We believe that state intervention would end up bringing in a lot of teachers who may not be in line with our political and pedagogical project.

(*Sol, teacher at a BP from a Peronist group)

… because we also have the issue of recognising [teacher] suitability, where we move away a little from the Teaching Staff Statute of public schools.

(*Sofía, teacher at a BP)

Under the formula of ‘social and cooperative management’, the teacher selection would not be bound by the procedures established for state-managed schools, according to the Teaching Staff Statute of 1958 (República Argentina Citation1958). Thus, the BPs could receive material resources while maintaining autonomy to select their teachers. The selection process would be guided by the concept of ‘suitability’ [‘idoneidad’ in Spanish], allowing each BP to establish their criteria.

Some BPs activists within the Coordinadora strongly oppose to social and cooperative management modality for two main reasons. From an ideological-identity motivation, they align their praxes with the struggles in defense of state education, especially in light of the historical significance that education for young people and adults holds within the Argentine educational system (Moñino Citation2021). Secondly, they contend that this proposal renders the labor rights of BPs teachers more precarious compared to those in BPs recognised as state centres. Unlike state-run schools —including BPs recognised as state-run centres— where the state is obligated to pay teachers’ salaries, under social and cooperative management, the responsibility for salaries is shifted to the hands of the BPs.

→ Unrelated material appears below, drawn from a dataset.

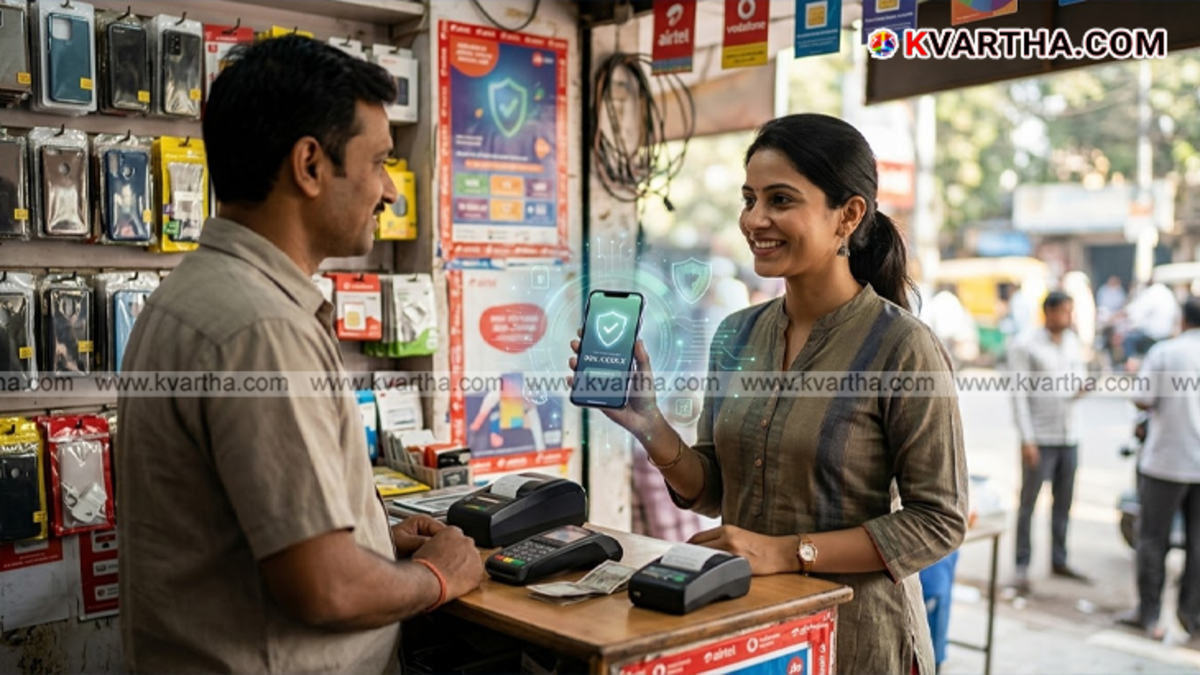 A mobile app interface showing BSNL Kavach virtual number activation screen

This set of contradictions, limits, and dilemmas reveals the institutional instability of the BPs in CABA. This instability arises from the constraints imposed by the liberal state to their recognition. More significantly, it indicates that their destabilising rationale remains vibrant. A fully or tendentially stable institutional arrangement between the state and the BPs would account for a depletion of its destabilising force and would mark the conclusion of their utopian-styled praxis, which characterises the BPs as commons.

Conclusions

This article has offered an institutional and strategic analysis of the BPs in the City of Buenos Aires (Argentina) as a main example of commons in the field of education. The BPs are popular education experiences for youth and adults that emerged in the heat of the 2001 social uprising in Argentina. Considering the neo-Marxist approach to the commons, we identify in the BPs the main organisational principles of the anti/post-capitalist commons: utopian horizon, open access, and direct democracy formulas. According to these principles, they vindicate their autonomy, not only from the market but also from the state. However, despite their claimed autonomy, they chose to operate as secondary schools. This decision forges the BPs as a contradictory and unstable institutional arrangement in the interplay between their autonomous politics of the commons and the stabilising policies —state interventions— that grant their recognition.

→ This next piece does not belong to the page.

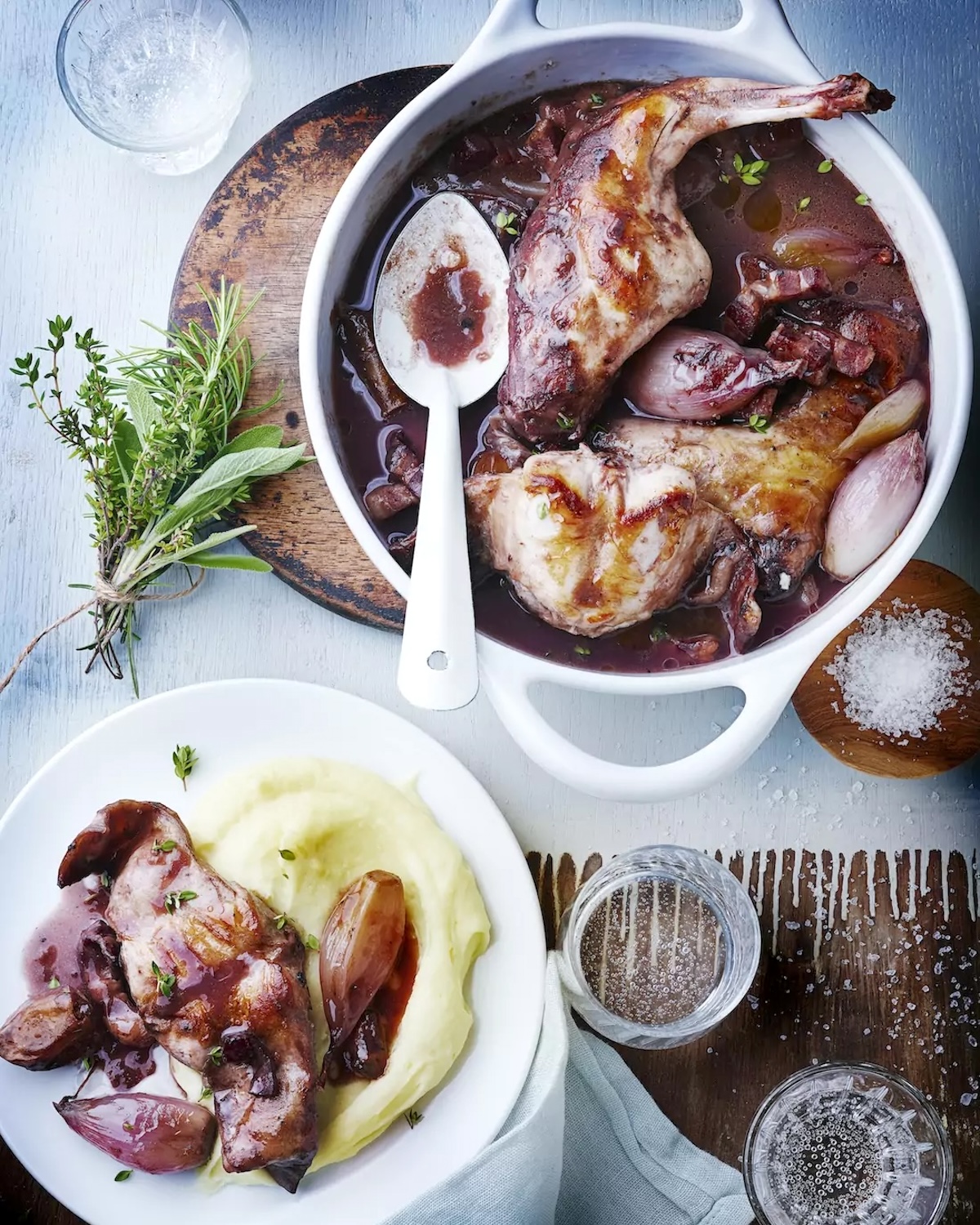 Lapin au vin rouge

Drawing from qualitative sources (policy documents and interviews), we have addressed the tasks proposed by Wright (Citation2010) to examine radical institutional designs, as is the case of the BPs. Firstly, we have shown that the BPs are an experience of social power since they are founded by emancipatory grass-roots territorial organisations to ‘produce rights’ (Bustos Citation2021) that the guarantor state is not fulfilling. Secondly, we have identified two key elements that enabled or facilitated the recognition of the BPs by the Minister of Education of CABA: combative collective action deployed in a social context of high mobilisation, and a pedagogical background among state managers in the Ministry of Education that positively assessed their educational practices.

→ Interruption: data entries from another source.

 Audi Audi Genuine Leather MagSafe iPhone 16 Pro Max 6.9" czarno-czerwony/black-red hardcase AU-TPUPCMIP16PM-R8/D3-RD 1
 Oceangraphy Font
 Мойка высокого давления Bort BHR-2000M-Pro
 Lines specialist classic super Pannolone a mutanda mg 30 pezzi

Thirdly, we have shown the set of tensions (contradictions, limits, and dilemmas) running throughout the institutional arrangement of the BPs. In this way, the BPs are founded on a radical contradiction between the destabilising rationale of their autonomous politics and the stabilising rationale of the state interventions (policies). This interplay reveals the limits of liberal stateness for recognising experiences that challenge the public versus private dichotomy, such as is the case of the BPs. However, on the other hand, the autonomous politics of the commons cannot be contained within state categories if its destabilising rationality aims to persist. Otherwise, it ends up assimilated —stabilised within the state.

The experience of the BPs, with a twenty-year trajectory and a considerable territorial scope in the city and the province of Buenos Aires, provides key insights into the empirical challenges of building educational commons. Rather than focusing on the more pedagogical dimensions of the BPs, this article has focused on the strategic trajectory of the BPs before the state, resulting from their concrete social struggle. The main lesson is the inescapable role of the state in the field of education. Education systems are a substantial part of modern liberal stateness (Green Citation2013; Ramírez and Boli Citation1987). Their introduction and global expansion enclosed a massive domain of state-controlled accreditation of knowledge and the processes by which young people socialise, wiping away other means of socialisation developed by communities. Although the BPs were created as autonomous initiatives from the state, the issue of the state soon emerged as a dilemma as their students expressed their need for a secondary diploma. From here on, the BPs trajectory is a narrative of challenging liberal statehood in the terrain of education. The second lesson is the unstable character of their interrelation with the state. Since the destabilising rationale defines the utopian character of the commons, they cannot find a full stabilisation within the frame of the state. In this sense, the study of such experiences requires consideration of their tensions, as they are a sign of their continuing disruptive and emancipatory character.

Disclosure statement

No potential conflict of interest was reported by the author.

Additional information

Funding

This work is part of EduCommon Project, that has received funding from the European Union’s Horizon 2020 research and innovation programme under the Marie Skłodowska-Curie grant agreement no [10127465].

Notes on contributors

Noelia Fernández González

Noelia Fernández González Postdoctoral researcher at the Department of Pedagogy, Autonomous University of Madrid (Spain), and visiting researcher at the Center for Interdisciplinary Studies in Culture, Education and Society at the National University of San Martín (Buenos Aires, Argentina). Her current research, EduCommon (funded by the European Union’s Horizon 2020 research and innovation program under Marie Skłodowska-Curie grant agreement no. 101027465), addresses Popular Education Projects in Buenos Aires, focusing on the relationship between the state and social movements. Her previous research explored the introduction of neoliberal governmentality in public education systems. Noelia specializes in qualitative methods and discourse analysis for the study of educational policies from the perspective of the critical sociology of educational policies.

Notes

1. Although 2001 was a year of protests spearheaded by the picket movement and other sectors that had been suffering the consequences of the structural adjustments of the previous years, December 19 and 20, were the two main days of the social uprising, with the mobilisation of the middle classes following the decree of what became known as the monetary and banking restrictions referred to as the ‘corralito’, which made them lose their savings (Rubinsztain Citation2012; Svampa Citation2008).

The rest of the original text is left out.